▶ EXERCISE: From the line with "How can we satisfy" to the line with "Welcome to the", retype every line exactly, including those two, and leave out the rest of the data below.

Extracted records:
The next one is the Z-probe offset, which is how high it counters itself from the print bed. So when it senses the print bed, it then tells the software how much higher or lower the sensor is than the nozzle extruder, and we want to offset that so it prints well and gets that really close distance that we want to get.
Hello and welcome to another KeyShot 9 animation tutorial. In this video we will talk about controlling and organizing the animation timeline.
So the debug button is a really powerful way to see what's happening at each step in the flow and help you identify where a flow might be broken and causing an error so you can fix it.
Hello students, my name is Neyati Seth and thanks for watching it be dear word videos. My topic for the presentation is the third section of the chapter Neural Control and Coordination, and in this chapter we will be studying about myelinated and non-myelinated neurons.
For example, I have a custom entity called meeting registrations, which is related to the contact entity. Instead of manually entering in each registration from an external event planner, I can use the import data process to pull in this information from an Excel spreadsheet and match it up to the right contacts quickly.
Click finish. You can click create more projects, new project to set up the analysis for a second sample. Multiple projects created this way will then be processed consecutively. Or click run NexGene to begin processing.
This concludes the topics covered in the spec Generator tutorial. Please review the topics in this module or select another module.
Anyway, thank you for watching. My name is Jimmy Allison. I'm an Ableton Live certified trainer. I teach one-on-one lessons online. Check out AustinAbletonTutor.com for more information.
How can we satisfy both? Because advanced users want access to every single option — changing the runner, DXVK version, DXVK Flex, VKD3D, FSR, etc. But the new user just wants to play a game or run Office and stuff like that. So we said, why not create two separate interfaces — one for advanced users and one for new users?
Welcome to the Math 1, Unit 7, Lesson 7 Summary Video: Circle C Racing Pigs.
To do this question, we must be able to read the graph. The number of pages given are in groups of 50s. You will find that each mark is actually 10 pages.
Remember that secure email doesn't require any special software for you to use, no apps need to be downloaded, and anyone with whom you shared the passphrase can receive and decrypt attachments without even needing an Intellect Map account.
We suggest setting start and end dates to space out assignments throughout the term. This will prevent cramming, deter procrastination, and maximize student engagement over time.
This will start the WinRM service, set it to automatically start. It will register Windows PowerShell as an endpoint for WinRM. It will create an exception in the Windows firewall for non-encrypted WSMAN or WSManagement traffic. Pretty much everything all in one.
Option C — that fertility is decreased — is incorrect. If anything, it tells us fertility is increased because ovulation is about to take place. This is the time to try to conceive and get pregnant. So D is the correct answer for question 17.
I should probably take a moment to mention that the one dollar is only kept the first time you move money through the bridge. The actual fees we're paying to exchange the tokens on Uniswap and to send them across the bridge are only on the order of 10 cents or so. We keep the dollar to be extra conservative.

▶ REPLY:
How can we satisfy both? Because advanced users want access to every single option — changing the runner, DXVK version, DXVK Flex, VKD3D, FSR, etc. But the new user just wants to play a game or run Office and stuff like that. So we said, why not create two separate interfaces — one for advanced users and one for new users?
Welcome to the Math 1, Unit 7, Lesson 7 Summary Video: Circle C Racing Pigs.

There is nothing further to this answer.